Hernreich paints a gloomy picture of the enterprise he was to help fix. "It's true, we faced many daunting challenges," Hernreich recalls. "Casual Male was ill-managed and overexpensed. It hadn't invested anything in IT systems. It was running an old, mainframe-based, expensive-to-operate legacy system," he says. Over time, due to the working capital squeeze put on the brand by its parent, the company cut back on assortments and sizes, which led to a seemingly lazy merchandising strategy. "It was selling Joe-six-pack stuff, as opposed to treating customers with some fashion respect and putting good merchandise out there," laments Hernreich.

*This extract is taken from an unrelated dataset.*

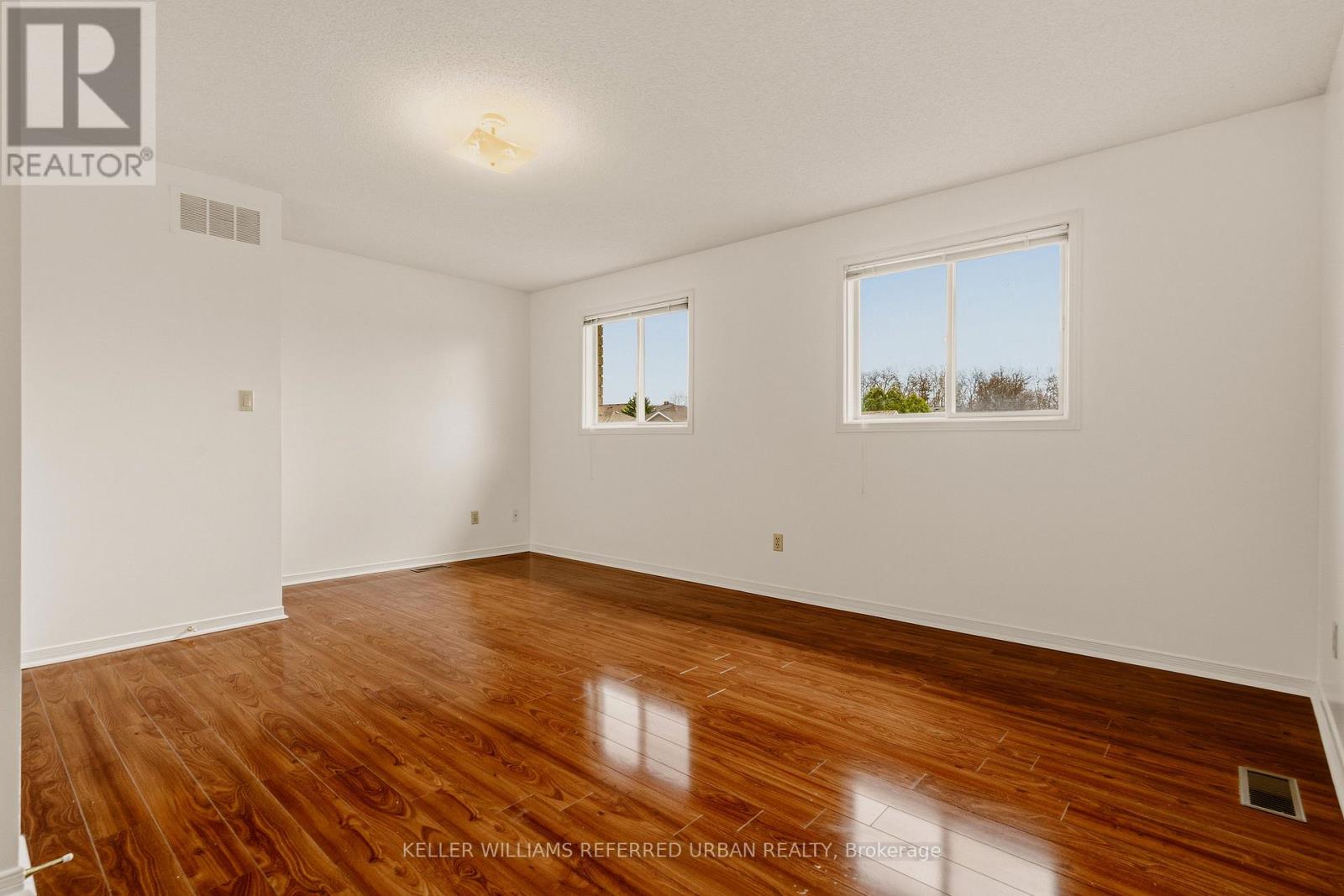 90 LYNETTE DRIVE - 27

In DCs, bar code scanners were unheard of in the paper-based systems the company ran, as were labels and bar codes. "When we bought the company, DC employees were printing bills of lading and manually checking them against cartons. They made color-coded markings on the bills of lading and sent them to a keypunch operator for input," he explains. This approach to processing receipts was error prone and heavily dependent on manual auditing of shipments. "It took days to receive, audit, and turn merchandise around and ship it to stores," says Hernreich. Even then, the merchandise that finally made it to stores was often incorrect or not sellable. Merchandise planners tried to chart sales, find trends, and make purchasing recommendations by analyzing Excel spreadsheets. All of these problems contributed to the retailer's consistent comparable store decrease of 5% per annum and an eventual declaration of bankruptcy.